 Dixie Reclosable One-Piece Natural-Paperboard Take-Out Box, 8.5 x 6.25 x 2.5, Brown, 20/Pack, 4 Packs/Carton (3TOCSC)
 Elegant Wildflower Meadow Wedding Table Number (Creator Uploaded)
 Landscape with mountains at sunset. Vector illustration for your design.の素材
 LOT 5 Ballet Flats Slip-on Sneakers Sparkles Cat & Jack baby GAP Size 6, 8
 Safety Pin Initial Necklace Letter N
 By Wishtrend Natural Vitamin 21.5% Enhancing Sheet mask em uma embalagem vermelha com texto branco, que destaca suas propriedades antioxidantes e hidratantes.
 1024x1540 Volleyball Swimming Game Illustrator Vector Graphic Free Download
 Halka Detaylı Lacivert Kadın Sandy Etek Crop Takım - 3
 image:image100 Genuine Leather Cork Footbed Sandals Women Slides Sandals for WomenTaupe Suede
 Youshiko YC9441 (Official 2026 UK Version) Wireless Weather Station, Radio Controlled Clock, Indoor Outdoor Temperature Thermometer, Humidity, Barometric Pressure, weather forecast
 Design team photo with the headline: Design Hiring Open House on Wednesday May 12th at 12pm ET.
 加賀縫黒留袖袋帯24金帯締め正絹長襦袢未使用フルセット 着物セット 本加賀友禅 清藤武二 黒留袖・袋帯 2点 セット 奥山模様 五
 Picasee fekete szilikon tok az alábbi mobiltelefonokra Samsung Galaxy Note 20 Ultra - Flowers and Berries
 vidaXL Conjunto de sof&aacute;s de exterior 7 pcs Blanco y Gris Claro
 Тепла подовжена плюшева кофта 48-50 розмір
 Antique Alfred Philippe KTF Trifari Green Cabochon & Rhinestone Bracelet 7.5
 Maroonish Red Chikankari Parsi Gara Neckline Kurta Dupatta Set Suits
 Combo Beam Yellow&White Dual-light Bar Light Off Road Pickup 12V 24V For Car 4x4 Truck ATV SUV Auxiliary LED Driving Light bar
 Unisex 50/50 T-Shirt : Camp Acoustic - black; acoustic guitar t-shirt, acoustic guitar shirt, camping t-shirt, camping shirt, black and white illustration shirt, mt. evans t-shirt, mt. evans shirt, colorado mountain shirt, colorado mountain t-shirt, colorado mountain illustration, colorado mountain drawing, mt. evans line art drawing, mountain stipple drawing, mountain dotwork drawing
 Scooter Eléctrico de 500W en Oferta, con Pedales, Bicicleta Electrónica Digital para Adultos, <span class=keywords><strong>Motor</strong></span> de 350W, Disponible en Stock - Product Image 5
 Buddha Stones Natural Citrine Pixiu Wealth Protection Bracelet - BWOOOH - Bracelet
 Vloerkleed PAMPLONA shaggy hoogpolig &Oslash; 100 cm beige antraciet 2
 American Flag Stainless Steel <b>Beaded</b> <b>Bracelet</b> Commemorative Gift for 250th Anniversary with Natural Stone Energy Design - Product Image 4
++++++++++
[Task brief]
Your answer should consist of copies of the lines above that include the string "illustration".

[Task result]
 Landscape with mountains at sunset. Vector illustration for your design.の素材
 Unisex 50/50 T-Shirt : Camp Acoustic - black; acoustic guitar t-shirt, acoustic guitar shirt, camping t-shirt, camping shirt, black and white illustration shirt, mt. evans t-shirt, mt. evans shirt, colorado mountain shirt, colorado mountain t-shirt, colorado mountain illustration, colorado mountain drawing, mt. evans line art drawing, mountain stipple drawing, mountain dotwork drawing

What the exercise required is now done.